Handle dynamic programming of two strings:
- According to the algorithm of editing distance to solve
- Create a DP Table. This makes it easier to find the state transition relationship
Because each dp[I][j] is only related to three nearby states, the spatial complexity can be compressed to O(min(m,n)), where M and n are the lengths of two strings O(min(m,n)), where m and n are the lengths of two strings O(min(m,n)), where m and n are the lengths of two strings O(min(m,n))
You can add additional information to the DP Table:

Node[][] dp;

class Node {
	// The value of the previous dp array
	int val;
	// Attribute manipulation
	int choice;
}
Copy the code

When making an optimal choice, write down the actions and then you can work backwards from the results
The final result is dp[m][n], where val has the minimum edit distance and choice has the last operation
Repeat this process, step by step back to the starting point dp[0][0], forming a path, according to this path for string editing, is the minimum editing distance

Minimum edit distance Java implementation
Minimum edit distance C++ implementation:

class DynamicProgramming {
	public:
		int minDistance(String s1, String s2) {
			int m = s1.size(), n = s2.size();
			vector<vector<int>> dp(m + 1, vector<int>(n + 1));
			// basecase
			// when s2 is empty, s1 needs to delete all characters to be the same as s2
			for (int i = 1; i <= m; i++) {
				dp[i][0] = i;
			}
			// When s1 is empty, s2 needs to delete all characters to be the same as s1
			for (int j = 1; j <= n; j++) {
				dp[0][j] = j;
			}
			// Solve from bottom up
			for (int i = 1; i <= m; i++) {
				for (int j = 1; j <= n; j++) {
					if (s1[i - 1] == s2[j - 1]) {
						// The current characters of the two strings are equal
						dp[i][j] = dp[i - 1][j - 1];
					} else {
						// The current characters of the two strings are different
						dp[i][j] = min({
							// delete s1[I]
							dp[i - 1][j] + 1.S1 [j] = s1[I]; s2[j] = s2[j
							dp[i][j - 1] + 1.// Replace s1[I] with s2[j]
							dp[i - 1][j - 1] + 1}); }}}// Store the minimum edit distance for s1 and s2
			returndp[m][n]; }};Copy the code

mo4tech.com (Moment For Technology) is a global community with thousands techies from across the global hang out!Passionate technologists, be it gadget freaks, tech enthusiasts, coders, technopreneurs, or CIOs, you would find them all here.
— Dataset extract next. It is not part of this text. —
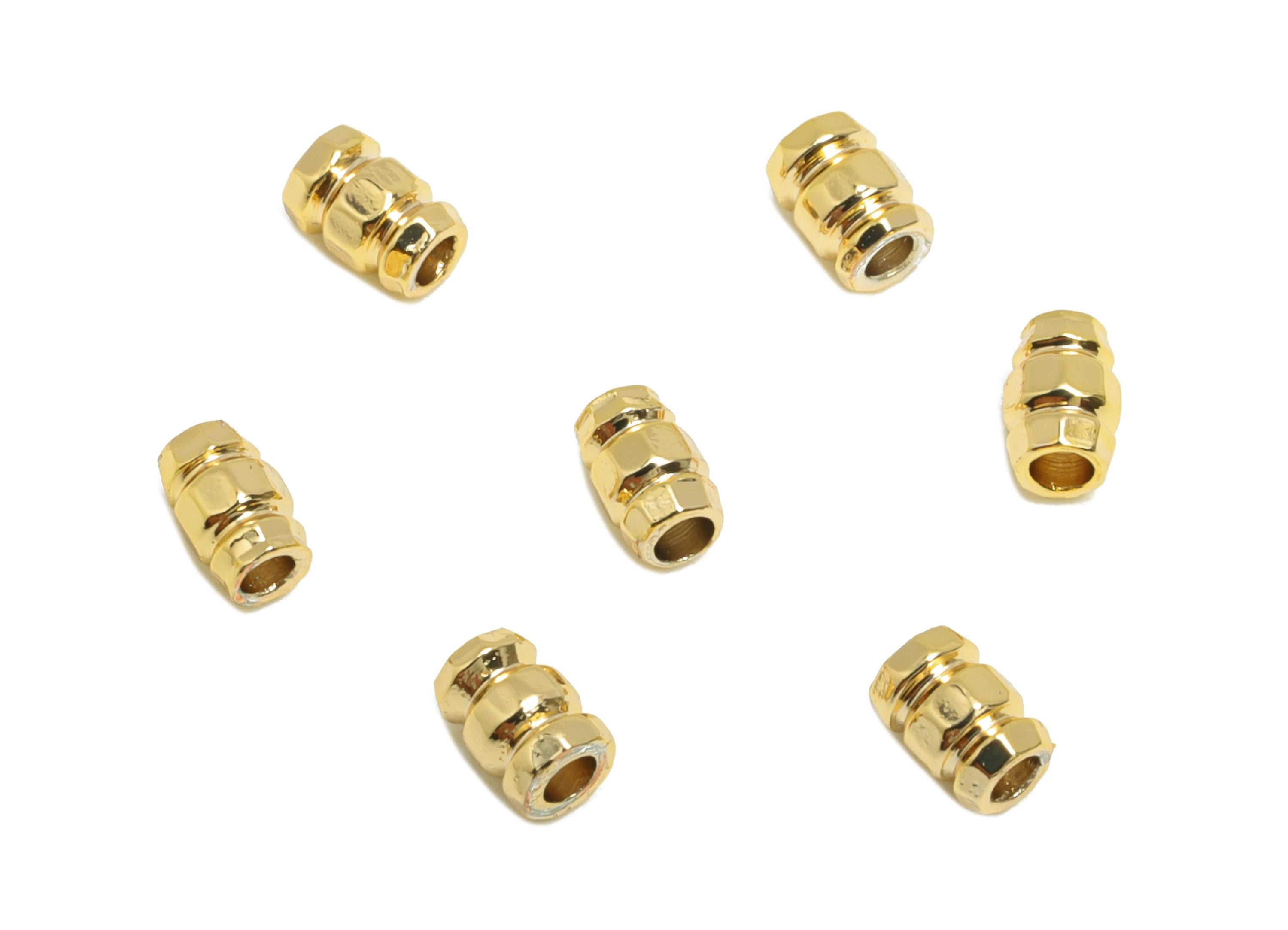 Brass Spacer Bead - Brass Gold Barrel Beads for Jewelry Making - Brass Gold Barrel Bead - 18K Real Gold Plating - 3.9x2.7x2.7mm - RGP10163 - DOMEDBAZAAR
Classical dynamic programming problem detailed analysis: the shortest editing distance algorithm principle analysis and solution

The basic concept

Thought analysis

The problem solution

Optimization problem

The memo

DP Table

conclusion

Classical dynamic programming problem detailed analysis: the shortest editing distance algorithm principle analysis and solution

The basic concept

Thought analysis

The problem solution

Optimization problem

The memo

DP Table

conclusion

Related Posts

Centos7 deploys Python, Mysql, Redis, and Java

How does Redisson implement distributed locking?

Why is Hbase query speed still high in the face of tens of billions of data?